■ Collected data entries ■
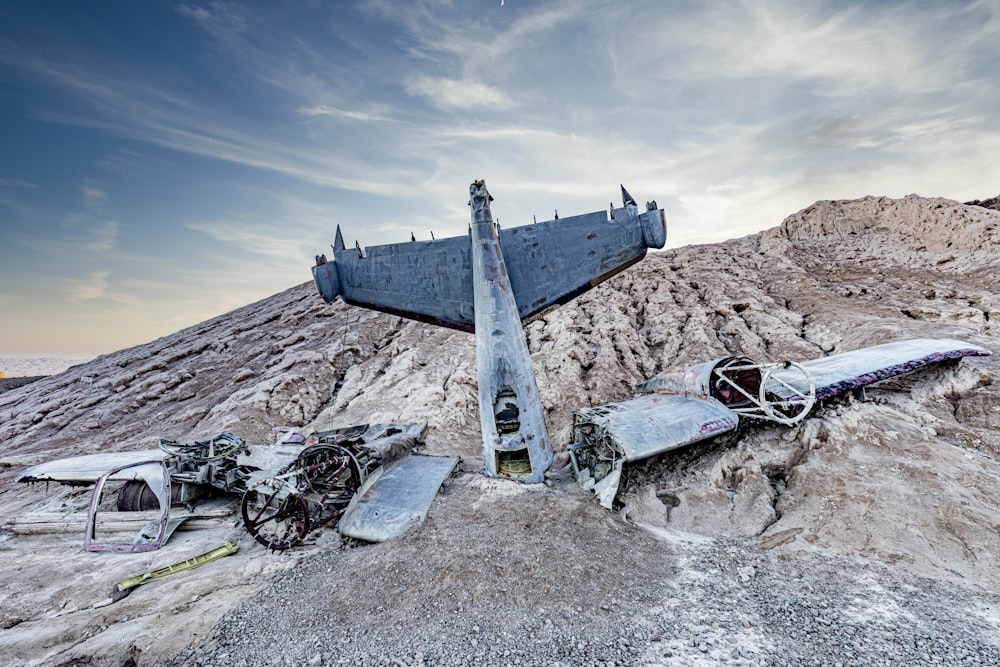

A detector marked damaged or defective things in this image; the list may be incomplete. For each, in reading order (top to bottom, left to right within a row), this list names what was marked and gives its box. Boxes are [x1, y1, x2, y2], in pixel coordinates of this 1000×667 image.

wrecked airplane [312, 180, 668, 482]
wrecked airplane [16, 426, 458, 552]
wrecked airplane [572, 340, 992, 506]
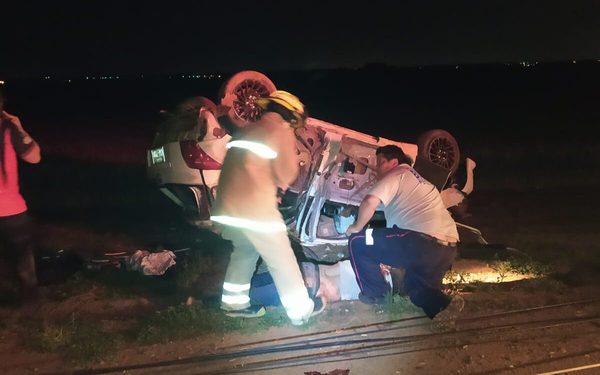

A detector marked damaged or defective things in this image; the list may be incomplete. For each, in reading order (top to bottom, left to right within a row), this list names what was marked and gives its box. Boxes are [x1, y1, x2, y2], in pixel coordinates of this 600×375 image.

overturned car [146, 72, 474, 262]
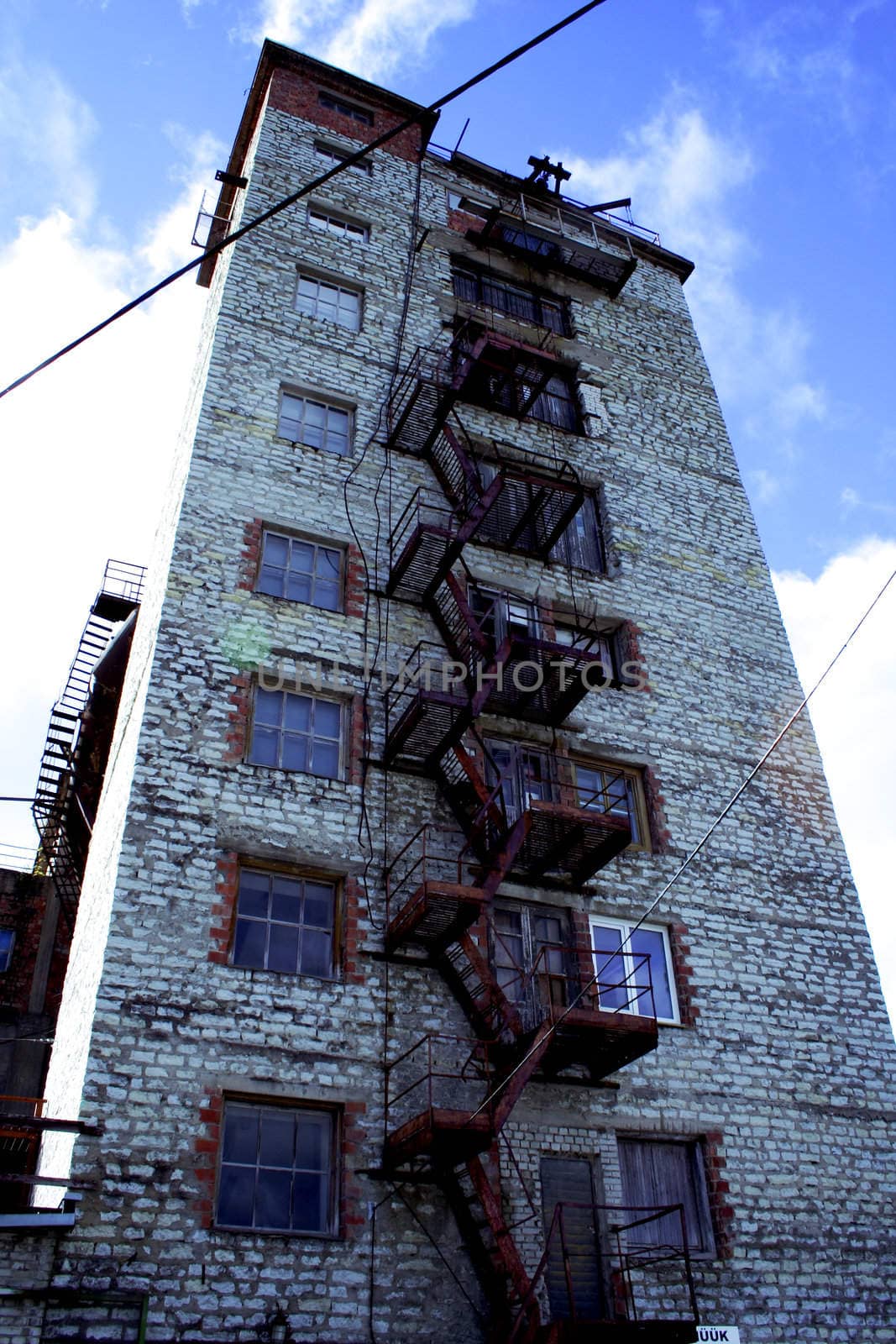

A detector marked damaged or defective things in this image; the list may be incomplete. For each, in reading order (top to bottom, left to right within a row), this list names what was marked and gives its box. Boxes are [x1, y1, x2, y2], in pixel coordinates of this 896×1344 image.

broken window [216, 1096, 335, 1231]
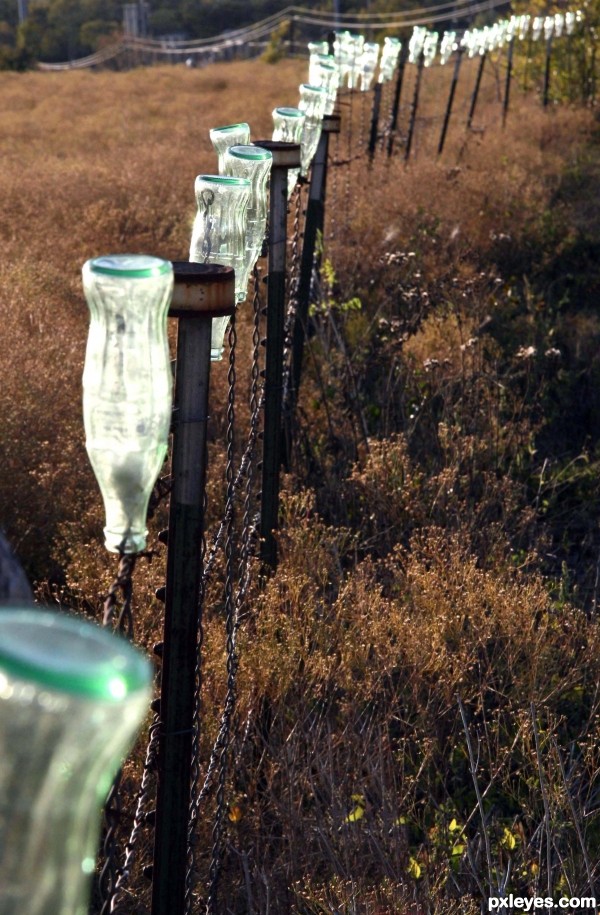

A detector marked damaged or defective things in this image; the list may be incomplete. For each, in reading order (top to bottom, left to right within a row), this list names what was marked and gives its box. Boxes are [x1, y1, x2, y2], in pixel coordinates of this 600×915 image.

rusty post top [252, 140, 302, 169]
rusty post top [169, 262, 237, 320]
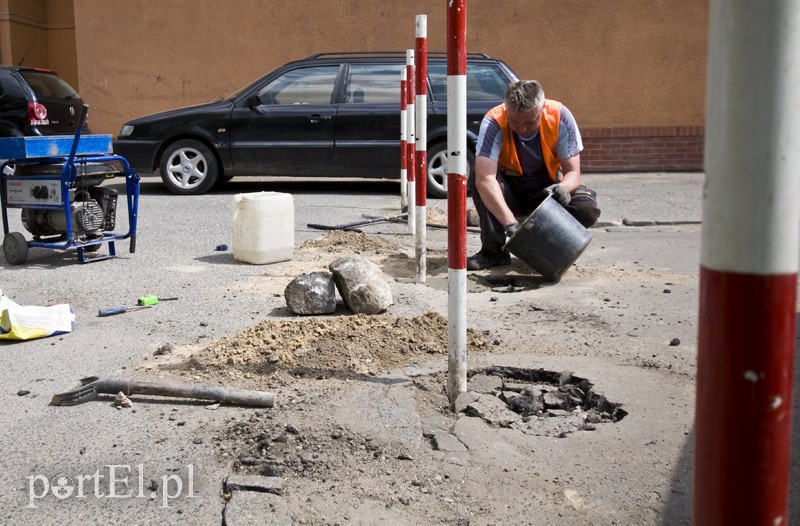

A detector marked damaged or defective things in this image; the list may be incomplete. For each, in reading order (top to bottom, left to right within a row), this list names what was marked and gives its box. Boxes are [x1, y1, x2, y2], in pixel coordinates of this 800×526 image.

pothole in asphalt [460, 368, 628, 438]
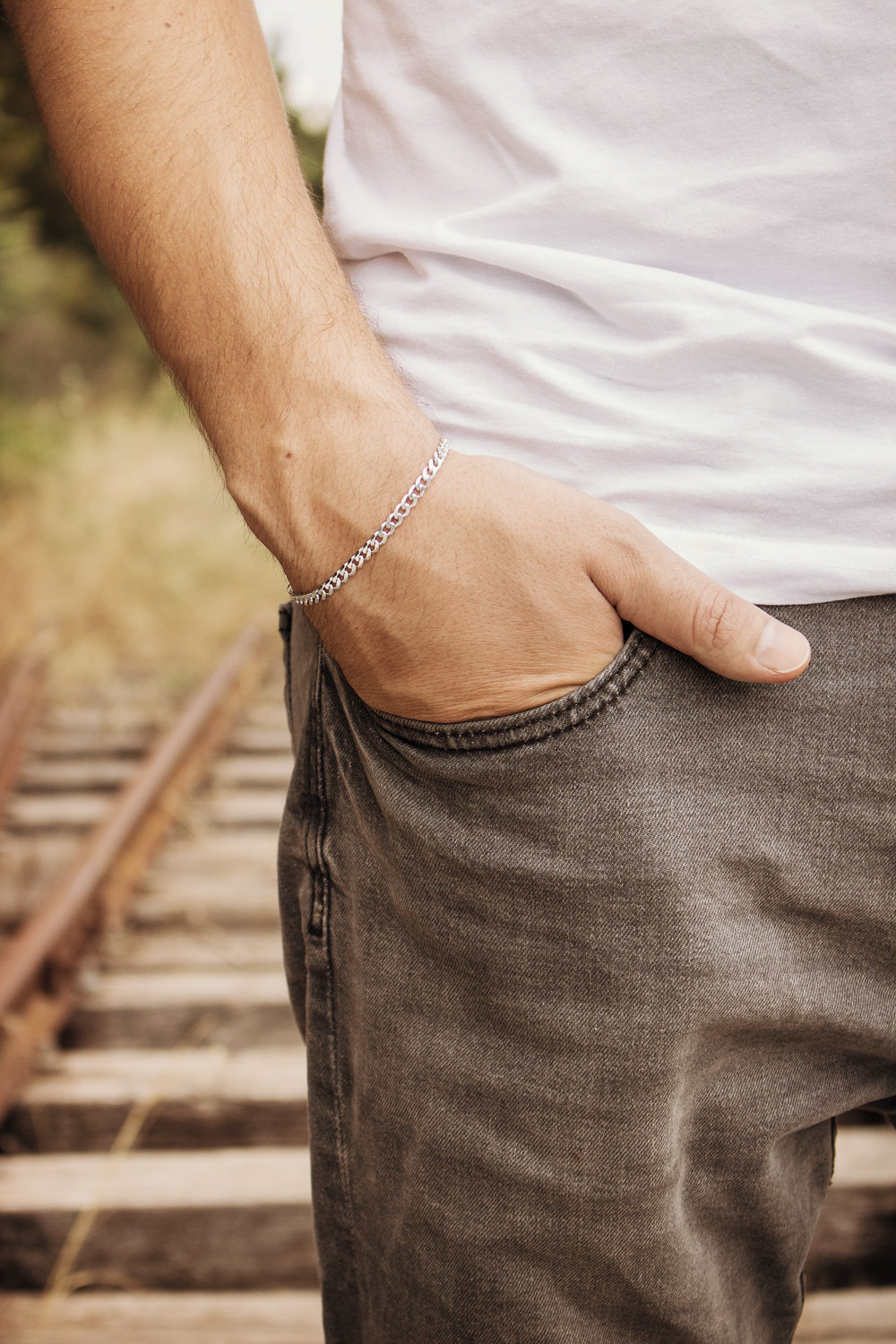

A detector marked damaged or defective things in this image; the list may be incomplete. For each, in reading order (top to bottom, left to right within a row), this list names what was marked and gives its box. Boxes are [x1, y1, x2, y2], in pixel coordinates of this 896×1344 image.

rusty railroad track [0, 634, 892, 1344]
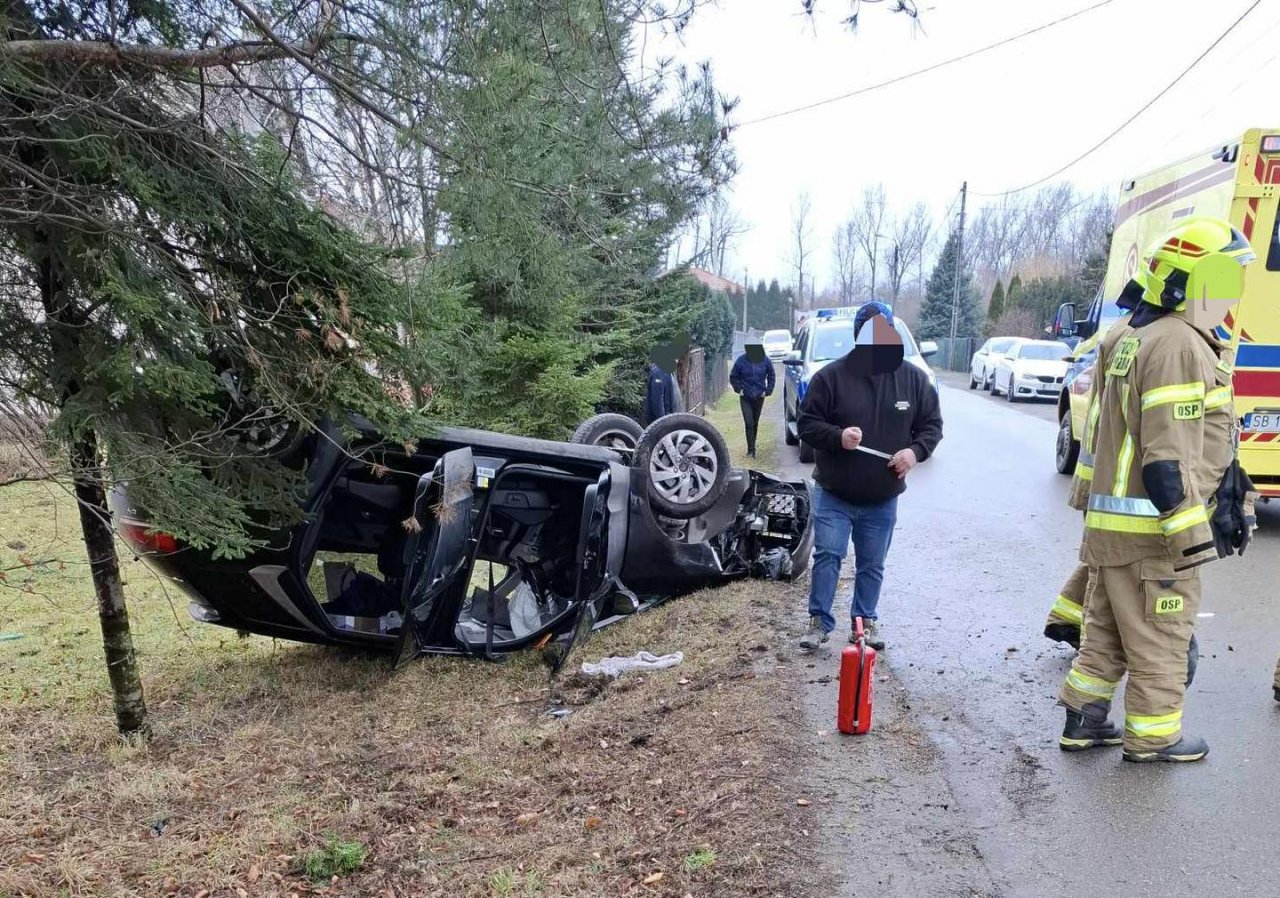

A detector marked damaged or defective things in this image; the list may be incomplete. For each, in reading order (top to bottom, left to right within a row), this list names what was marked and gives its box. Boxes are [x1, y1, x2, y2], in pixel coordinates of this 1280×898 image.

overturned black car [110, 414, 808, 670]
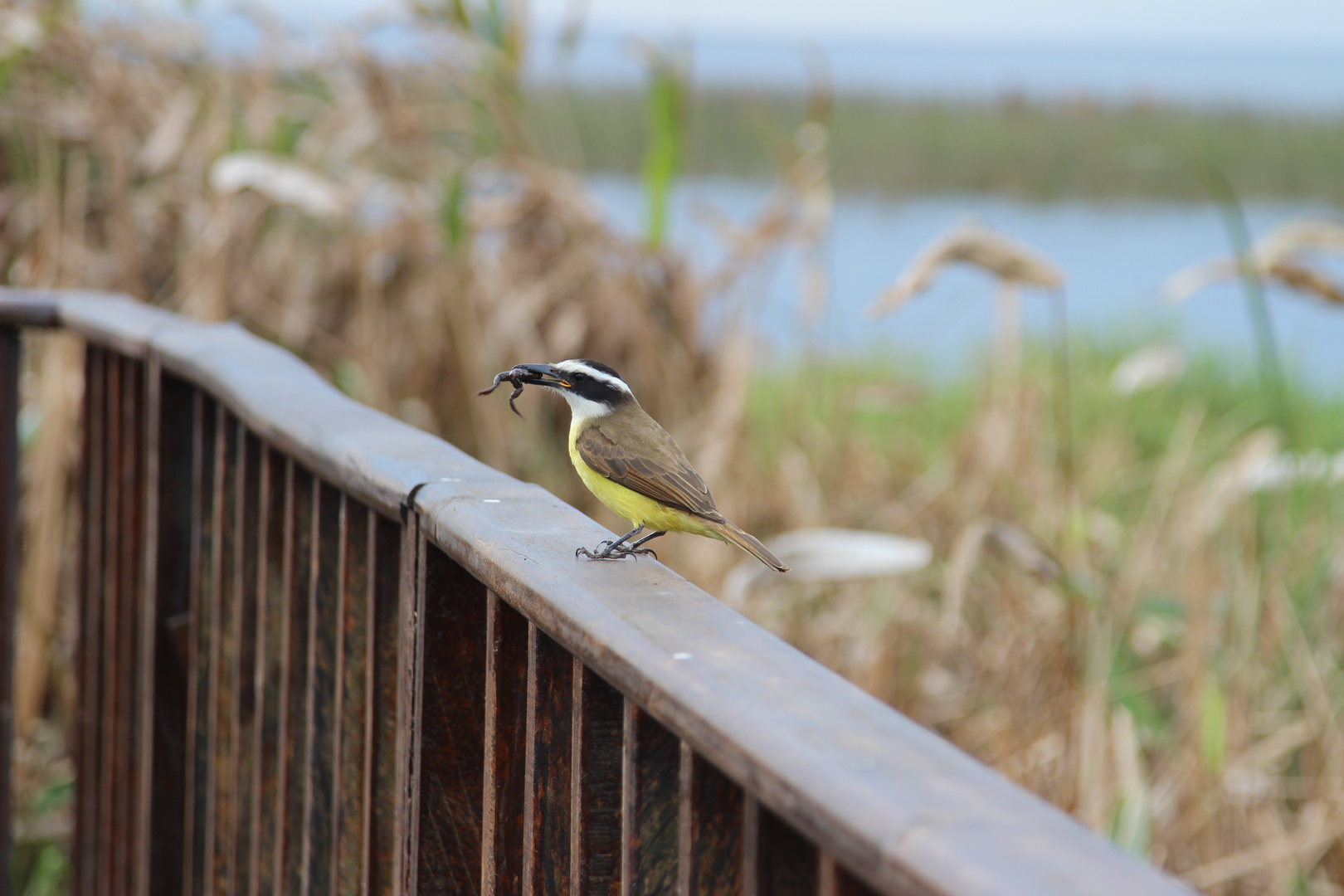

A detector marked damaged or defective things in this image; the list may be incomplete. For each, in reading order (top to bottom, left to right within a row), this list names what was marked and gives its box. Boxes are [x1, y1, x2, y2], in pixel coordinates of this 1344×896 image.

rusty metal railing [2, 287, 1195, 896]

■ THE PROBLEM ■
Write out each line exactly, starting with the line that contains "this 1344×896 image." and stopping after the last line of the data.

■ TASK RESULT ■
A detector marked damaged or defective things in this image; the list may be incomplete. For each, in reading order (top to bottom, left to right within a row), this list names what was marked and gives its box. Boxes are [x1, y1, x2, y2], in pixel coordinates of this 1344×896 image.

rusty metal railing [2, 287, 1195, 896]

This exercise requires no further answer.